The Exorcist Steps were officially designated as a Washington, D.C. landmark in 2015 with the installation of an informative plaque marking Karras’s death site. Shamefully, there are no mentions of The Exorcist II or The Exorcist III on that plaque, despite their significant contributions to those steps’ legacy. When I visited them on an clammy Monday morning, I was greeted by the exact two kinds of frequent visitors you’d expect to see: a fellow gothy tourist who, like me, was there to take pictures and an annoyed local jogger who was impatient for us to get out of the way of his workout routine zipping up & down the steps. I will share my pictures of the steps and their accompanying plaque below as documentation of the state they’re in as of this posting, in hopes that more joggers will be annoyed by horror movie nerds who happen to read this and will be visiting D.C. in the near future.
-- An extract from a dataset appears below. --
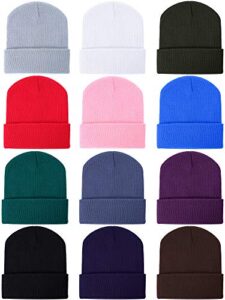 zhanmai 12 pieces knit hat beanie hats warm cozy knitted cuffed skull cap for adults kids (multicolor)
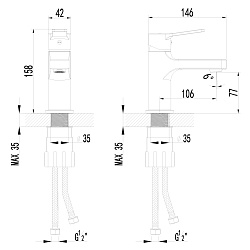 Cмеситель для раковины монолитный, хром, S0606C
More importantly, though, I’d like to highlight that The Exorcist Steps’ significance to The Exorcist are thunderously amplified by that film’s own sequels, which are just as much worth rewatching before your visit as the original. There’s even an added bonus to rewatching The Exorcist II before visiting D.C. in that the film also features a lengthy visit to the Natural History Museum, which is one of the city’s other must-visit tourist destinations. Of course, Linda Blair’s tour of the Natural History Museum appears to be the one in New York City, not the one in D.C., but the effect is largely the same, much like how that film’s version of The Exorcist Steps aren’t actually The Exorcist Steps. Let’s take a lesson from Friedkin’s folly and not get too wrapped up in the pursuit of accuracy at the expense of pleasure.